When the news breaks that the writer Vivian Howe has been killed in a hit-and-run off the Madaket Road, everyone has something to say.

She was a local—she had lived on Nantucket for over twenty-five years—but she wasn’t a native. She was from…Pennsylvania? Ohio? That made her a wash-ashore.

A few years earlier, the editor of the Nantucket Standard, Jordan Randolph, had pointed out an error in one of Vivian Howe’s novels. She had referred to a ferry unloading at Steamship Wharf rather than Steamboat Wharf, and he’d verbally flogged her in his weekly editorial, saying that if she couldn’t get the basics of Nantucket correct then she had no place writing about this island. This was met with backlash. The ferries were run by the Steamship Authority so nearly all of us—wash-ashore and native—called it Steamship Wharf. Honor Prentice, who was a fifth-generation Nantucketer, wrote a letter to the editor saying that even he called it Steamship Wharf.

Advantage, Vivi.

Most of the small-business owners in town loved Vivi because her books drove tourism—in particular, they brought in day-trippers with money to spend. When Vivi set a scene in her books at a specific restaurant, people wanted to eat there. When a character bought a dress at a certain boutique, her readers wanted to shop there.

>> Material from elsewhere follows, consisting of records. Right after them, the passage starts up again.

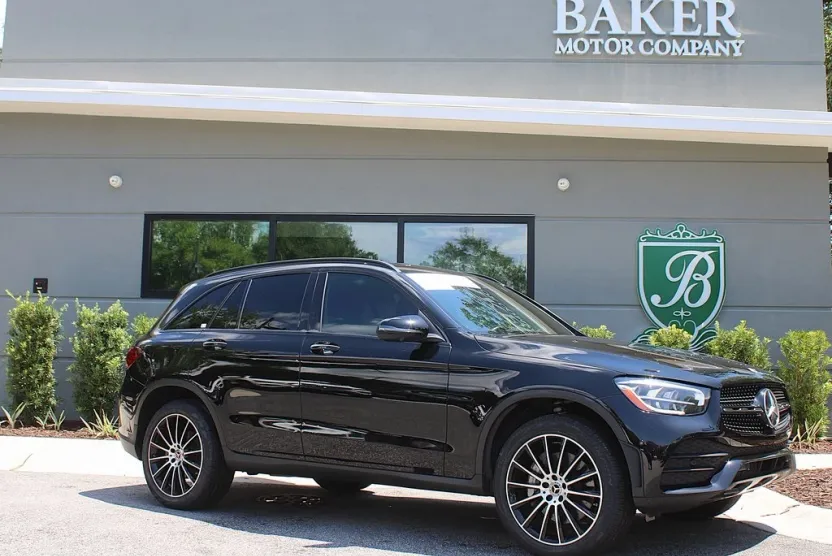 2022 Mercedes Benz GLC 300 photo 1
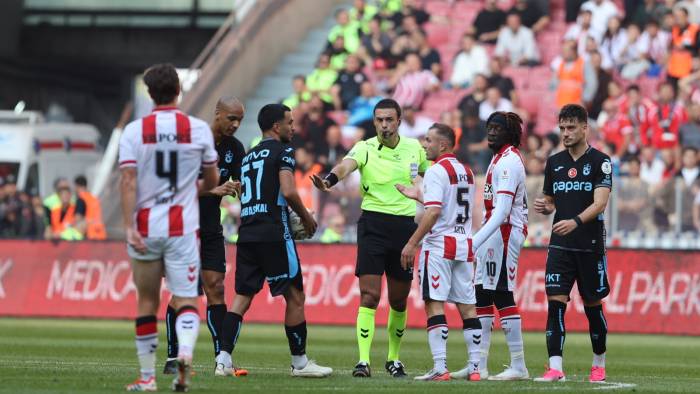 PFDK’den 5 Kulübe Para Cezası! 2 Futbolcuya Men Kararı!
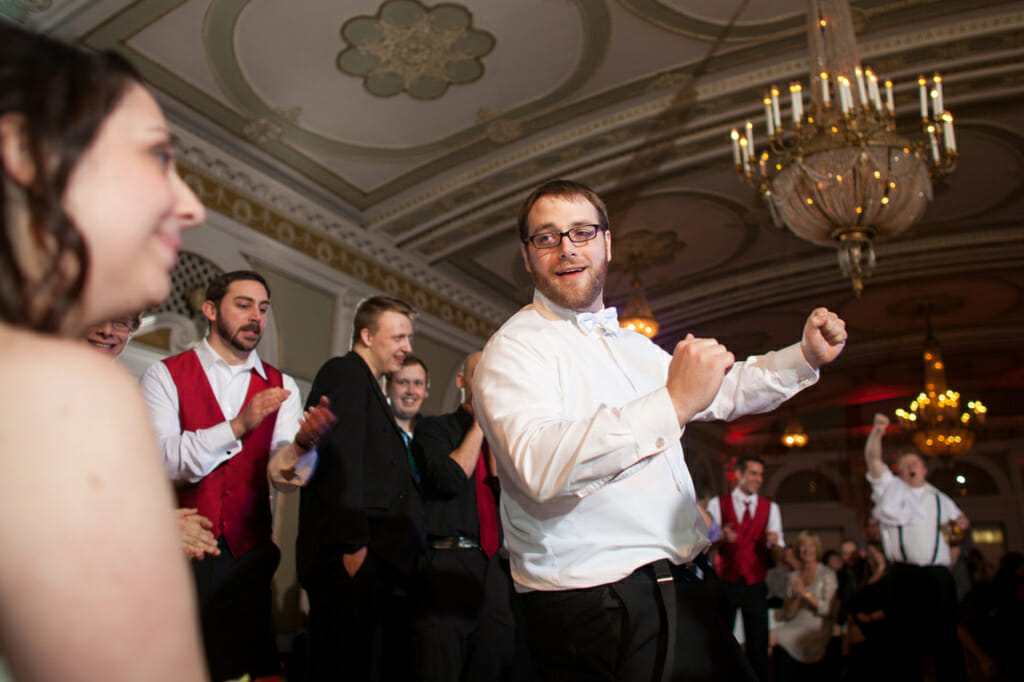 Wedding Reception Traditions : Garter & Bouquet Toss 4 6 Reception 0612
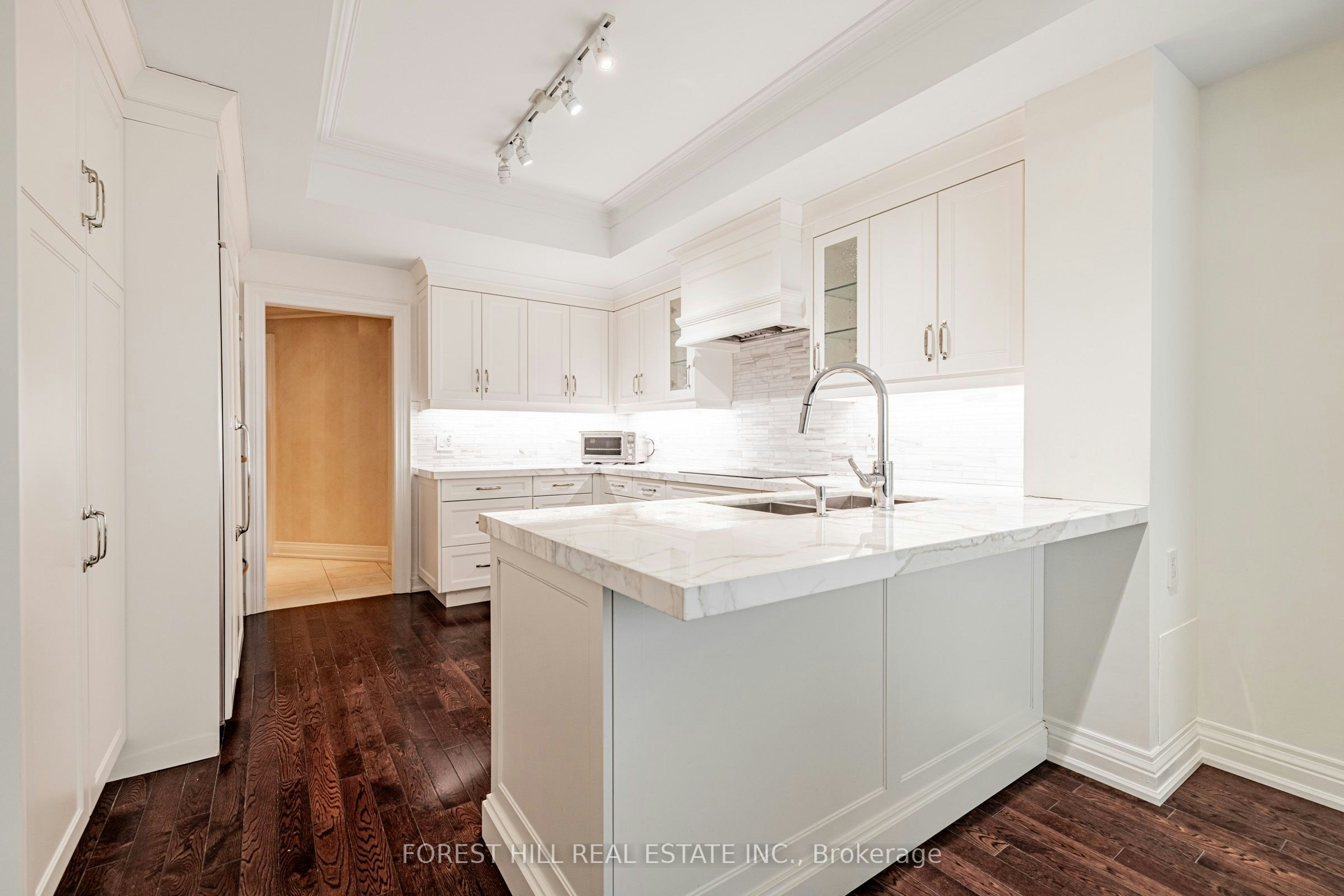 2002-38 Avenue Road, Toronto, ON, M5R 2G2 - 19
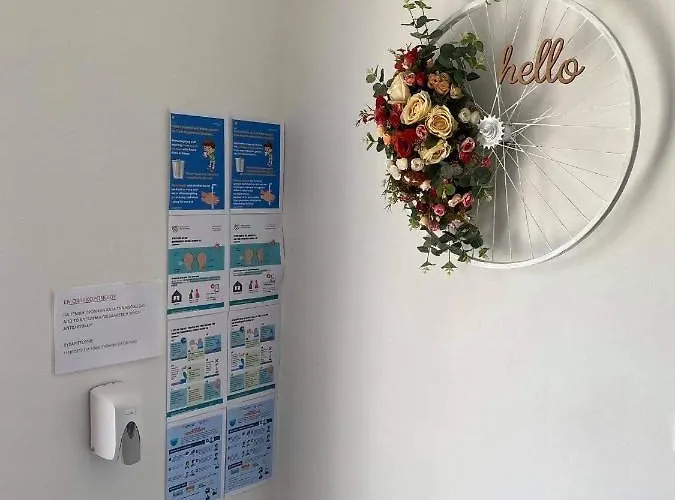 Ellenapa Apts & Apartman *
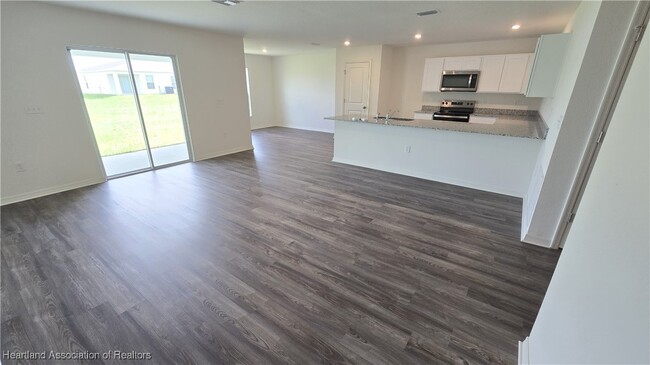 Foto del edificio - 1848 Grand Ridge St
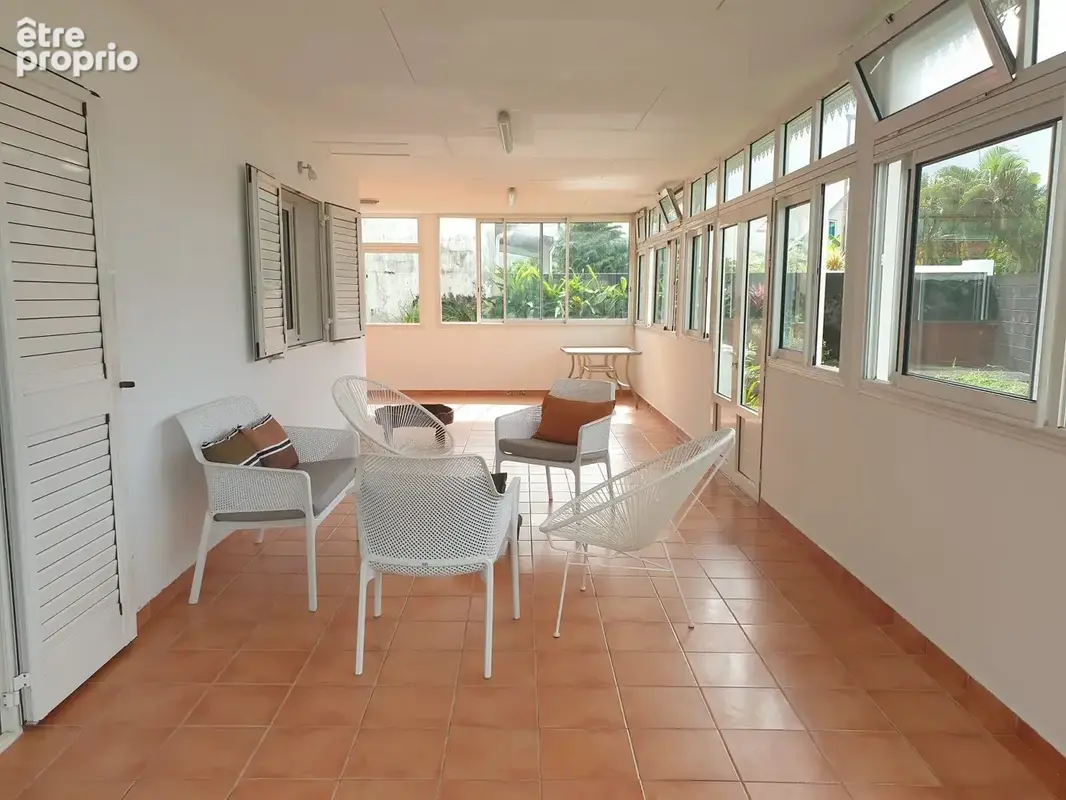Maison 257 m² à Bras-Panon  - photo 3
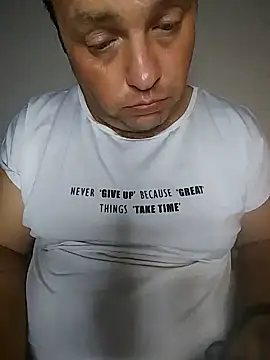 Snapshot of Bury0117 chatting on 10-23-25, 01:48 Bury0117 online show from 10-23-25, 01:48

Vivi was also blamed for the downside of tourism. As Lucinda Quinboro sat in a line of cars at the intersection by the high school, she said to her best friend and bridge partner, Penny Rosen, “This is all Vivi’s fault, you know.”

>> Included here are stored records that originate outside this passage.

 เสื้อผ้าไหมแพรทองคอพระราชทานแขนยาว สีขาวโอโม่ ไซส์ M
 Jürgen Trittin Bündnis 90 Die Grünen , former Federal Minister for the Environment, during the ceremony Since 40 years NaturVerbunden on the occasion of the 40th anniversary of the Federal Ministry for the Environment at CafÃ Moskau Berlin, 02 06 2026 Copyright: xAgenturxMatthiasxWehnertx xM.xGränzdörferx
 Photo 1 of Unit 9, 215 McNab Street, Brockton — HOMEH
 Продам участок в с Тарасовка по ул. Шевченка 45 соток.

And Penny said, “You’ll blame anything on Vivi.”

It had been a big deal ten years earlier when Vivi and her husband, JP Quinboro, divorced. Some of us knew it was because JP fell for Amy Van Pelt, his young employee at the wineshop (which we never set foot in because the prices were so inflated). JP caused conversations to awkwardly stop wherever he went—the Nickel for sandwiches, Marine Home Center for paint, the Chamber of Commerce for Business After Hours—because no one knew what to say to him except Wake up, man. Vivi moved out, and when her new novel Along the South Shore proved to be a “breakout book,” she went on tour for so long that some of us thought she had left the island for good.

But eventually Vivi returned, and after a while, she seemed to recover. She bought a house on Kingsley that looked great on paper, though once Vivi moved in, leaks sprung and she discovered the fancy wine fridge was on the fritz and there was a pervasive smell of rot at the base of the stairs and she could hear mice (or rats) in the ceiling and she realized she had bought a money pit and decided that would become the official name of the house. She kept the tradespeople among us busy for years—her contractor Marky Mark, her plumber, her cute electrician Surfer Boy, and the person she revered above everyone else: her landscaper, Anastasia.

Vivi seemed to be flourishing and we cheered her on.

The news of her death was a shock.

The Springers had seen Cruz DeSantis kneeling by the body at the scene. They pulled over to ask what happened, but Cruz was too upset to say anything other than that the ambulance was on its way. Had Cruz DeSantis been the one to hit her?

We hoped not.

Cruz DeSantis was a shining star of the just-graduated senior class. He was going to Dartmouth on a full ride, which is a testament to his father, Joe, who owns the Nickel sandwich shop on Oak Street. The Nickel is tiny, but its influence in our community is outsize. Anyone who has ever had Joe’s deviled-egg salad with crispy bacon and lamb’s lettuce on toasted olive sourdough or his grilled salmon with fresh spinach and raspberry-dill aioli on a soft brioche roll will tell you—they may be “just sandwiches,” but there’s a reason why the Nickel is number one on Nantucket’s Tripadvisor in the category “Restaurants, Downtown.”